How would you negate 'ma zaal' ? Say you wanted to say 'I still dont remember' or 'I still dont go to school.' The logical way would be to say 'zilt ma afham' or 'zilt ma aroo7 elmadrasa' but i feel this is wrong. Could someone shed some light?


----------



## Mahaodeh

In the example you gave you are not negating ma zaala, you are negating what follows it. You would say: ما زلت لا أفهم.


----------



## DarrenLamb

How would you say 'I will still ....' ? Would you put the future tense on the verb and keep ma zilt? 

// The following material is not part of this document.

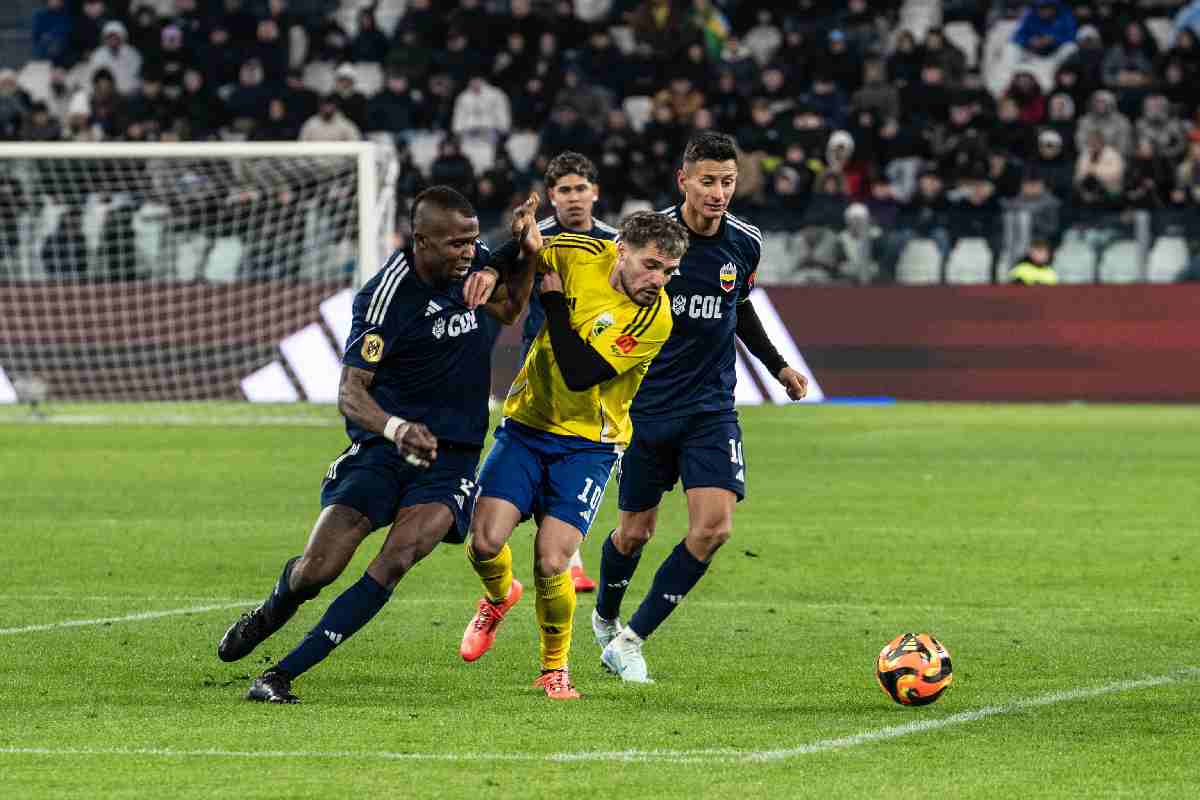 Un momento della finale della Kings League tra il Brasile e la Colombia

So 'I will still give it to you' for example would be 'ma zilt ba3a6eek iyyah' (b being the future tense marker, 7a3a6eek in other dialects I supose).


----------



## clevermizo

DarrenLamb said:


> How would you say 'I will still ....' ? Would you put the future tense on the verb and keep ma zilt?
> 
> So 'I will still give it to you' for example would be 'ma zilt ba3a6eek iyyah' (b being the future tense marker, 7a3a6eek in other dialects I supose).


 


_b-_ is not the standard future tense marker; it's the future tense marker in some dialects.

I'm not sure what you mean by using the verb أعطى. The expression ما زال means "still" in the sense of continuing. However:

"I will still give it to you"  *≠* "I will continue giving it to you."

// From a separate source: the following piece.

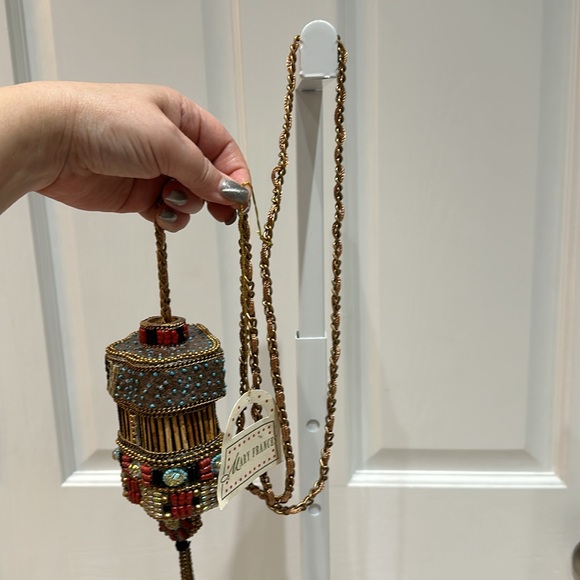 Mary Frances box purse. - Picture 5 of 5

So this is a different "still" in English. "I will still give it to him" means "I will give it to him, despite X" (where X is some circumstance). 

This I would translate as:

بالرغم عن س (ذلك، هذا الأمر، إلخ) سأعطيك إيّاه

This is a good example about how context and idiomatic usage is important. There won't be a single one-to-one translation for "still" since it has more than one usage.

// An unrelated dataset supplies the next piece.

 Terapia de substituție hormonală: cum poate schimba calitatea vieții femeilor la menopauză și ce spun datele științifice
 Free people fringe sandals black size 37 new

However, using "still" in the sense of ما زال in the future could be a sentence like:

I will _still_ be studying Arabic next year.
(Next year I will continue my studies; I will not cease my studies.)

This I would translate without a future tense marker as:

لا أزال أدرس اللغة العربية السنة القادم

or:

I will still be working at this company next year.

لا أزال أعمل في هذه الشركة السنة القادم

To me it's appropriate enough to use لا أزال　here. Remember that literally the verb زال　means to vanish or cease to be. So you're saying "I will not cease to be working at this company next year." This doesn't make as much sense with the verb to give as "I will not cease to be giving it to him" except under special context I suppose.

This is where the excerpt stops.